Today, December 10, marks Human Rights Day, instituted by the United Nations to honor the proclamation and adoption of the Universal Declaration of Human Rights (UDHR). Among other things, it seeks to drive advocacy for the respect, recognition and protection of all forms human rights.
Abuse of human rights takes many shapes in Africa. Suppression of the right to freedom of expression and association, violation of the right to life and property, and the denial of access to basic social services are common occurrences in Somalia, Libya, Egypt, Cameroon, Nigeria and the DR Congo. More often than not, the violation of these rights occurs in situations of conflict and instability, terrorism, and in dictatorial regimes. These abuses strip victims of their life, dignity and personal properties. More perniciously, it lays to waste the social, economic and political institutions vital to the development of states in Africa.
Nonetheless, other African countries have made significant strides in the recognition and respect of basic human rights. Ghana, Botswana, Kenya, Malawi, among others have fully developed strong human rights regimes backed by constitutions. The rights of citizens are upheld, respected and protected by state institutions.

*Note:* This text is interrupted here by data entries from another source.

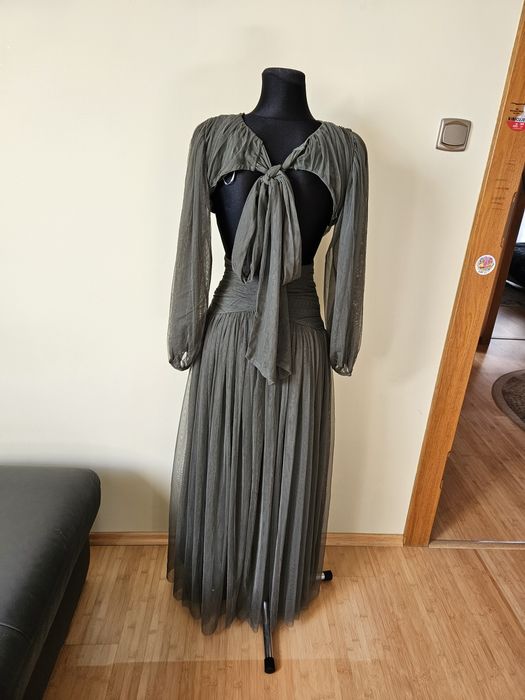 Długa tiulowa sukienka maxi Lace&Beads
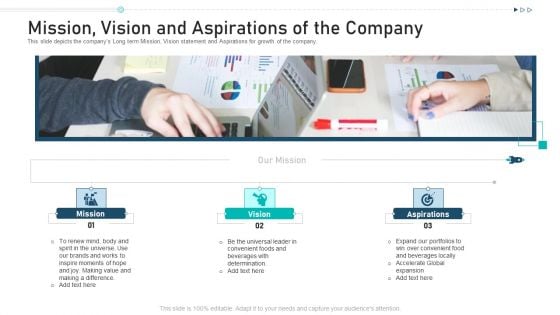 Mission Vision And Aspirations Of The Company Ppt Summary Introduction PDF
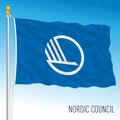 Nordic Council international organisation flag, North Europe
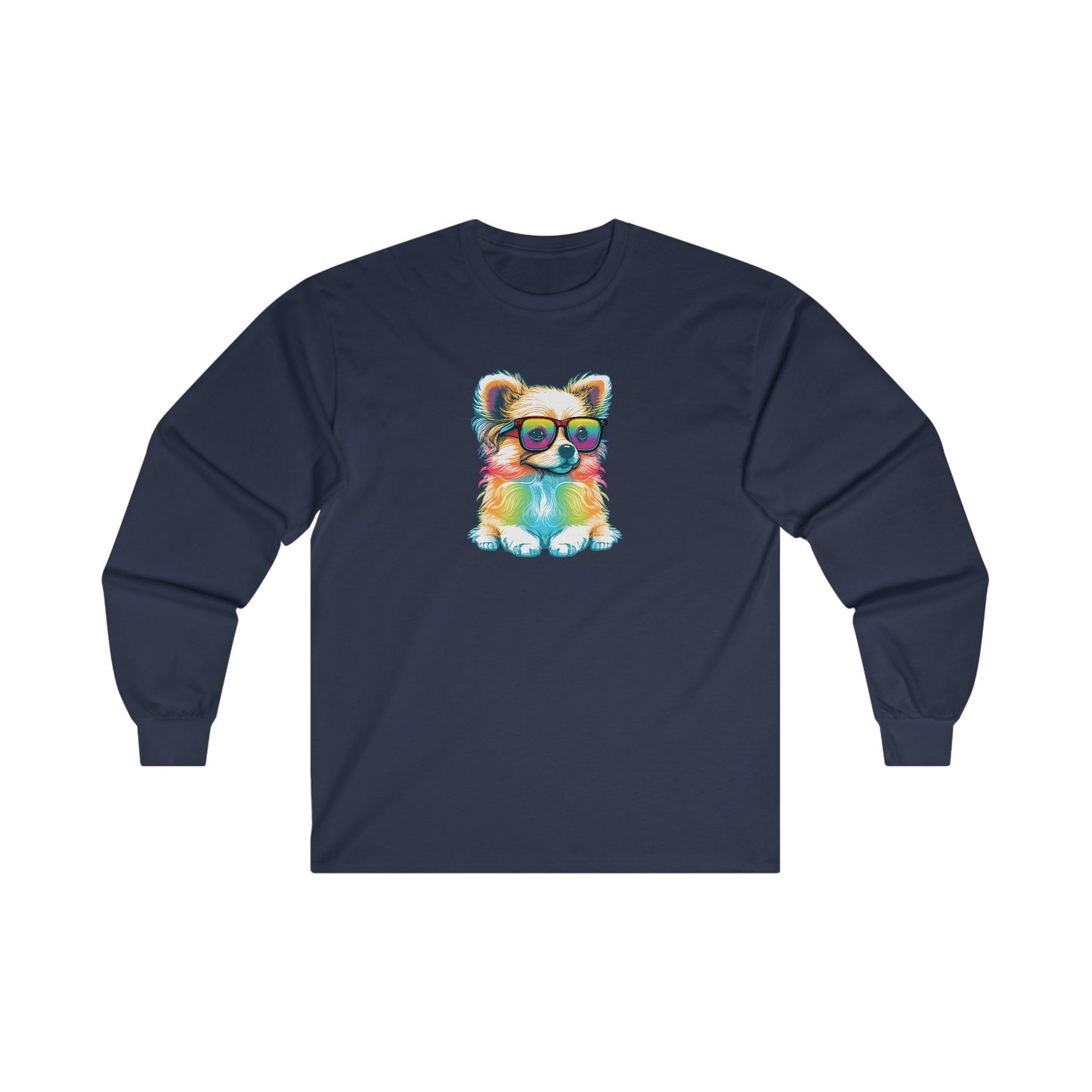 Dog with Sunglasses Long Sleeve Tee 004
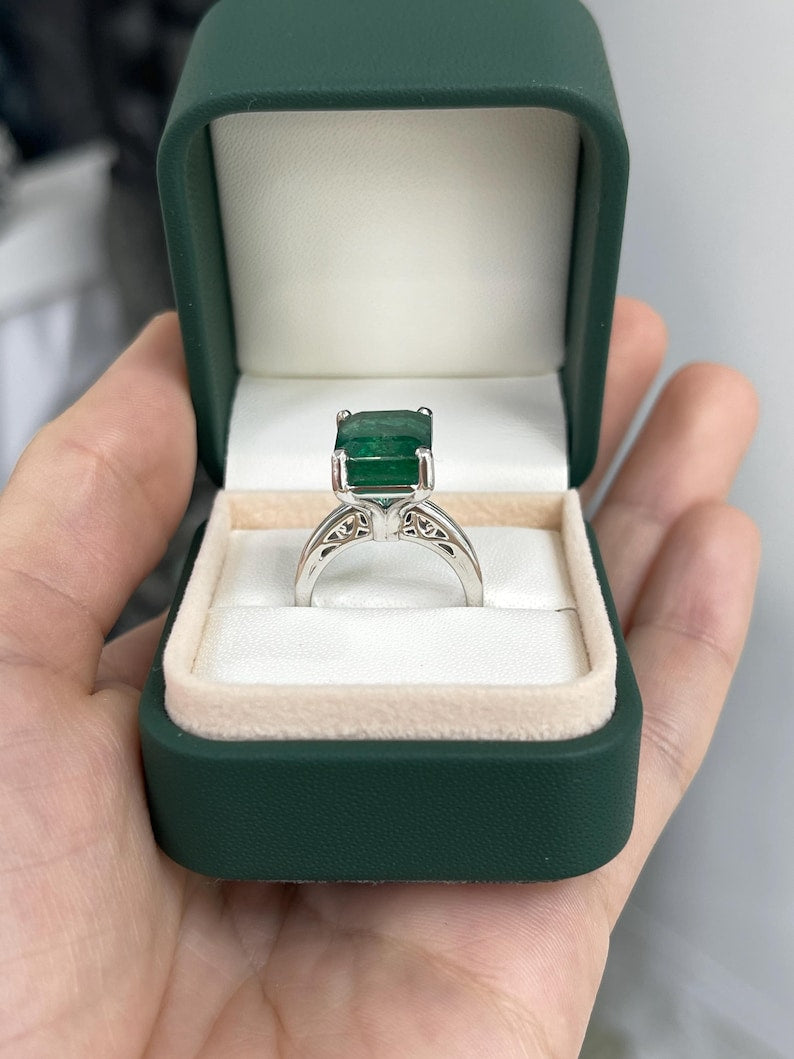 9.16ct Natural Deep Green Emerald Cathedral Solitaire Ring in 14K White Gold | Elegant Wedding, Engagement & Anniversary Jewelry Gift for Women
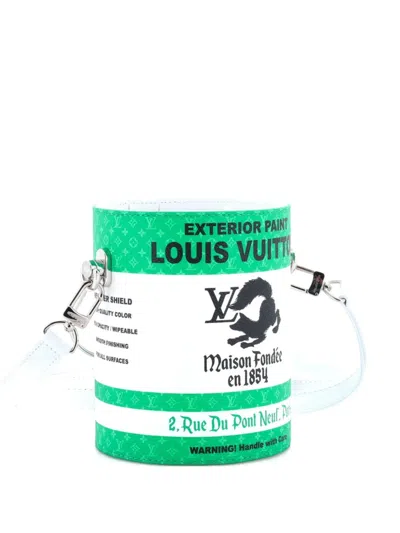 Pre-owned Louis Vuitton Lv Paint Can Bag Monogram Canvas And Leather Crossbody Bag In Green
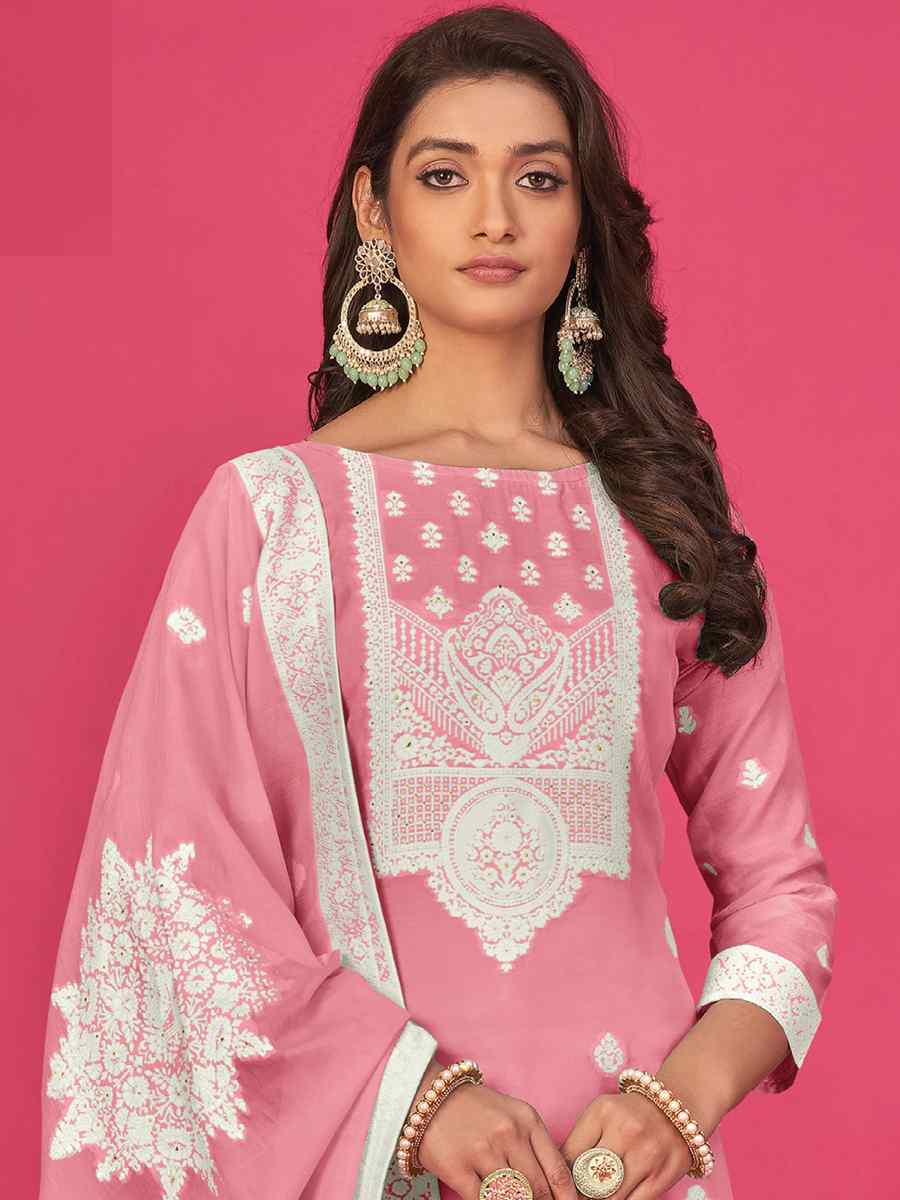 Pink Pure Jacquard Embroidered Casual Festival Pant Salwar Kameez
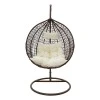 Zafer pakoworld garden swing hanging metal-pp brown-cushion beige 106x103x200cm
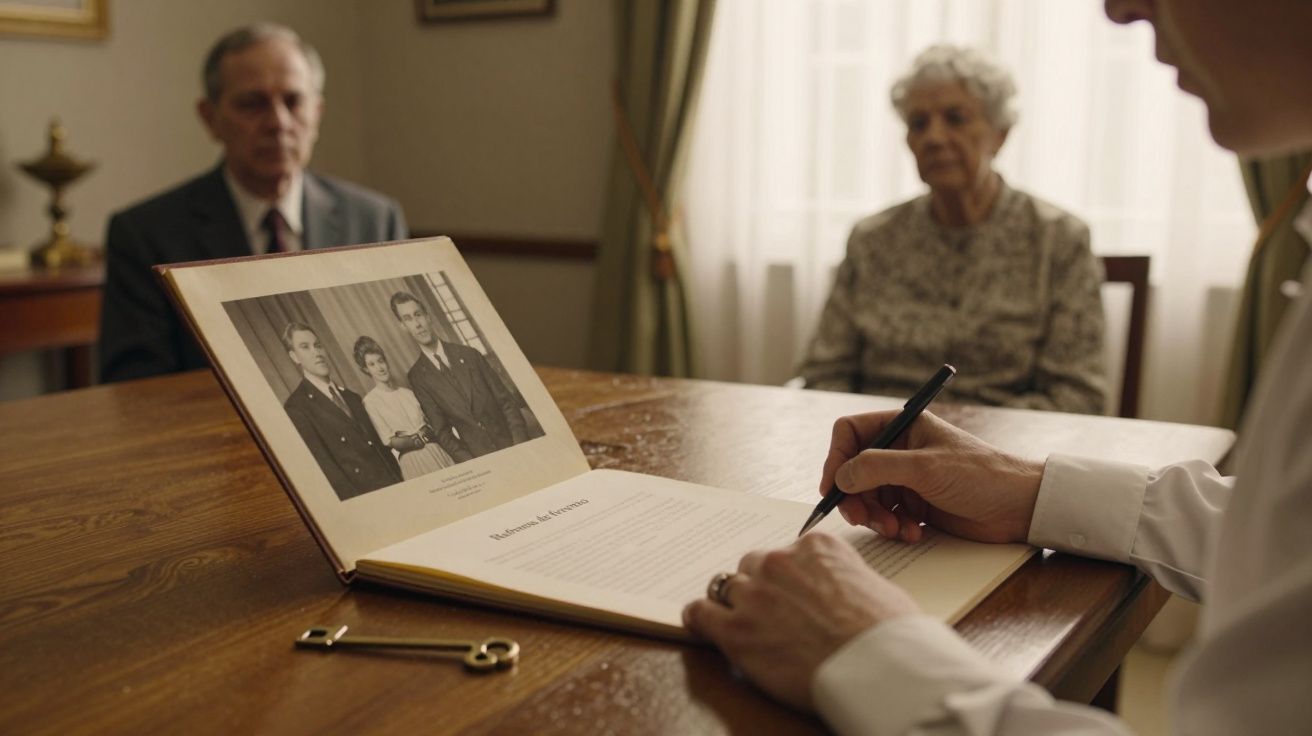 Duas pessoas idosas sentadas, uma figura escreve num livro sobre a mesa com uma foto antiga. Chave dourada ao lado.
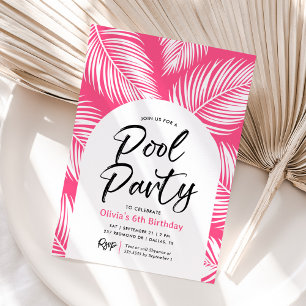 Tropical Pool Party Girl Birthday Invitation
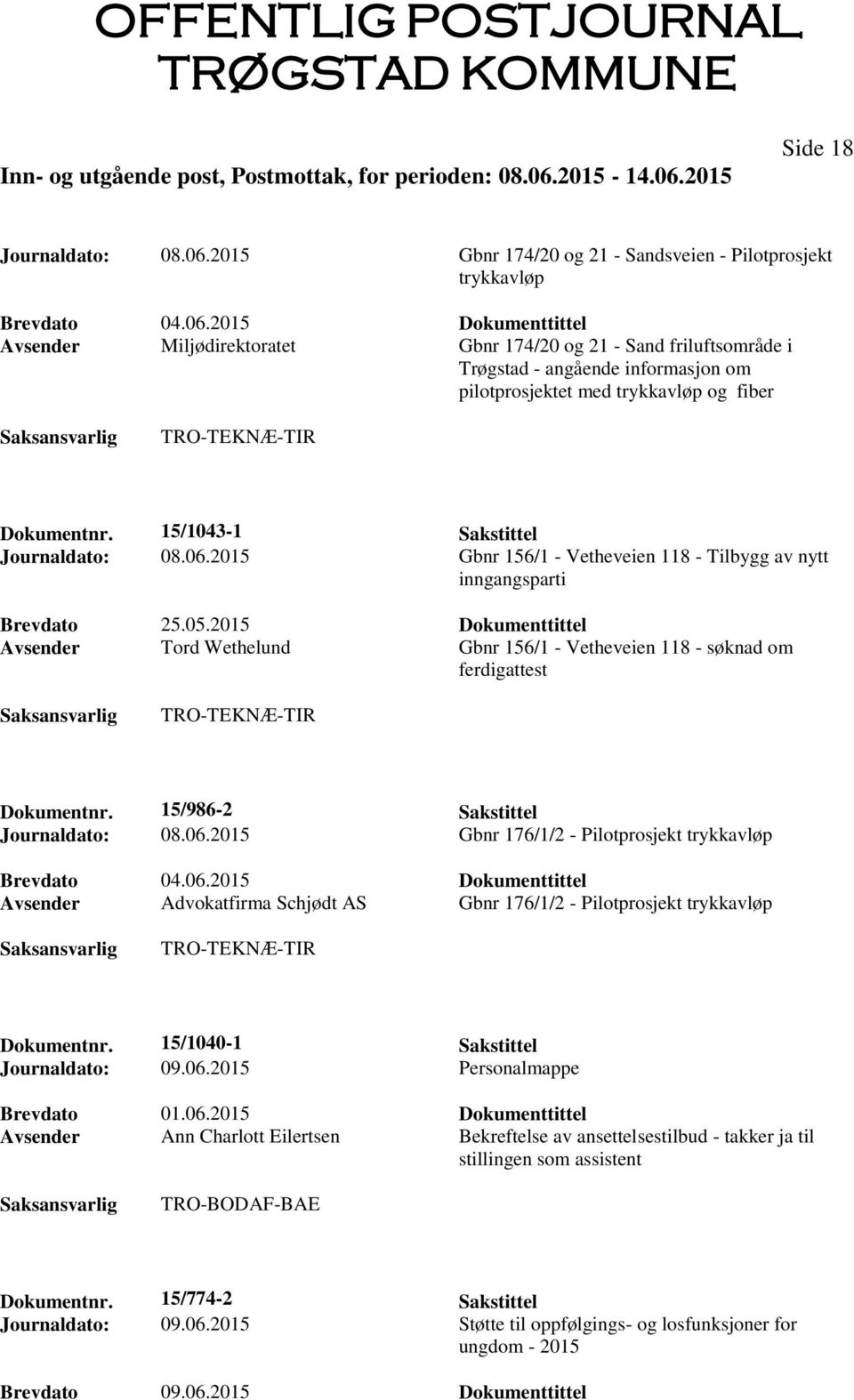 2015 Dokumenttittel Avsender Miljødirektoratet Gbnr 174/20 og 21 - Sand friluftsområde i Trøgstad - angående informasjon om pilotprosjektet med trykkavløp og fiber Dokumentnr.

The theme for this commemoration is “Stand Up for Human Rights.” It seeks to celebrate the potential of youth as constructive agents of change, amplify their voices, and engage a broad range of global audiences in the promotion and protection of rights. In celebrating this day, countries, especially those plagued with violence and civil unrest, must take concrete steps to uphold and protect the rights of their citizens.